Now that you have your Swarm cluster configured, you’ll overlay the container network that the application containers will be part of. Overlay a container network on the cluster

All containers that are part of the voting application belong to a container network called mynet. This will be an overlay network that allows all application containers to easily communicate irrespective of the underlying network that each node is on. Step 1: Create the network

You can create the network and join the containers from any node in your VPC that is running Docker Engine. However, best practice when using Docker Swarm is to execute commands from the manager node, as this is where all management tasks happen.

Open a terminal on your manager node.

Create the overlay network with the docker network command

$ sudo docker network create –driver overlay mynet

An overlay container network is visible to all Docker daemons that use the same discovery backend. As all Swarm nodes in your environment are configured to use the Consul discovery service at consul://192.168.33.11:8500, they all should see the new overlay network. Verify this with the next step.
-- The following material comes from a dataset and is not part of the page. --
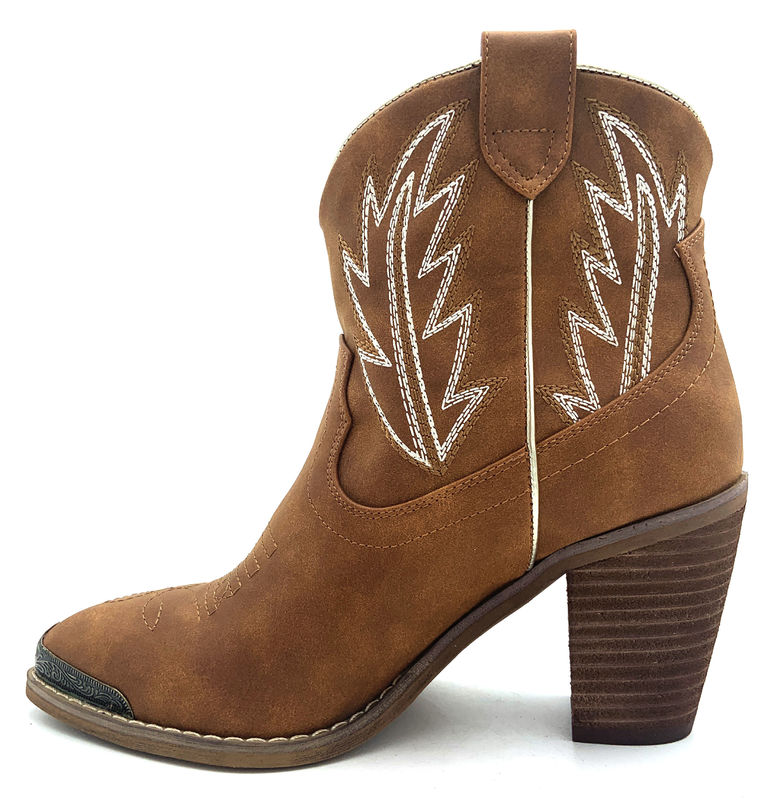 Midden-kalfhoogte vrouwen enkelschoenen met hoge hakken trek op sluitend type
Log onto each node in your Swarm cluster and verify the mynet network is running.

$ sudo docker network ls NETWORK ID NAME DRIVER 72fa20d0663d mynet overlay bd55c57854b8 host host 25e34427f6ff bridge bridge 8eee5d2130ab none null

You should see an entry for the mynet network using the overlay driver as shown above.

Step 2: Review your work

The diagram below shows the complete cluster configuration including the overlay container network, mynet. The mynet is shown as red and is available to all Docker hosts using the Consul discovery backend. Later in the procedure you will connect containers to this network.

Note: The swarm and consul containers on the manager node are not attached to the mynet overlay network.

Your cluster is now built and you are ready to build and run your application on it. Deploy the voting application

Now it’s time to configure the application.

Some of the containers in the application are launched from custom images you must build. Others are launched form existing images pulled directly from Docker Hub. Deploying the application requires that you:

Understand the custom images Build custom images Pull stock images from Docker Hub Launch application containers

Step 1: Understand the custom images

The list below shows which containers use custom images and which do not:

Web containers: custom built image Worker containers: custom built image Results containers: custom built image Load balancer container: stock image (ehazlett/interlock) Redis containers: stock image (official redis image) Postgres (PostgreSQL) containers: stock image (official postgres image)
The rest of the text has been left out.